(Recorded data)

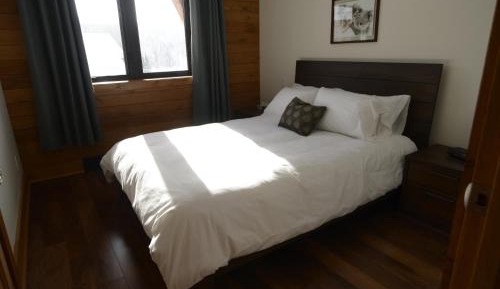 Two-Bedroom Apartment with Lake View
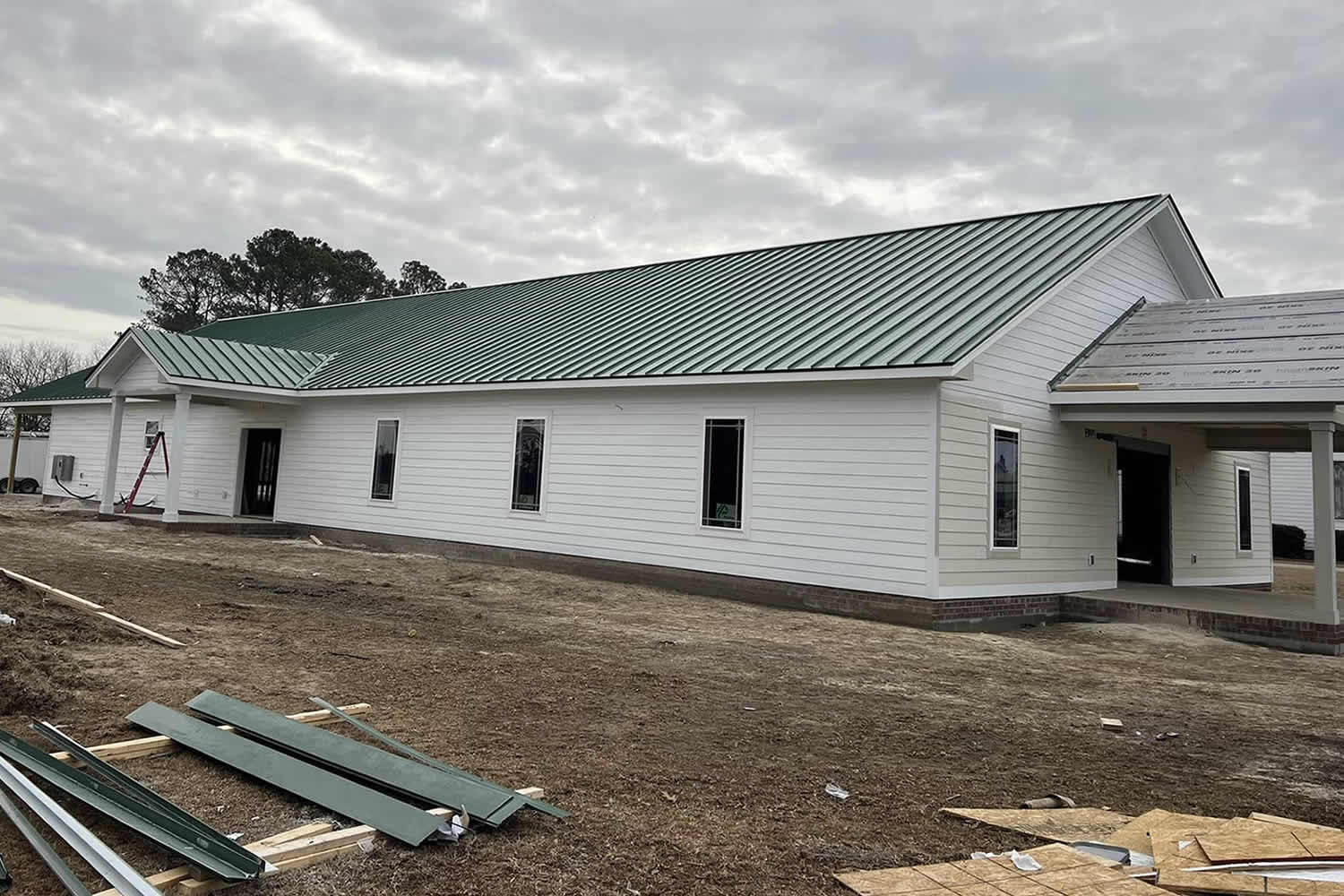 high-pitch-metal-roof-installation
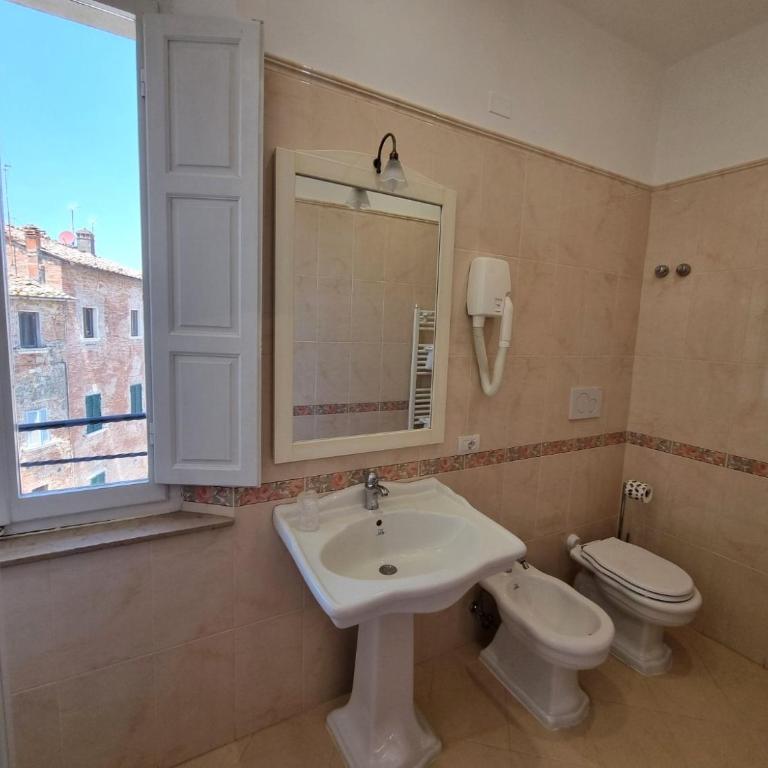 Albergo Il Marzocco - Hotel dal 1860 - Camera Superior Matrimoniale/Doppia con Letti Singoli con Terrazza - 15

(End Recorded data)

* [Task description]: Pictures stay out; print everything else in the data exactly.

* [Task answer]:
 Two-Bedroom Apartment with Lake View
 high-pitch-metal-roof-installation
 Albergo Il Marzocco - Hotel dal 1860 - Camera Superior Matrimoniale/Doppia con Letti Singoli con Terrazza - 15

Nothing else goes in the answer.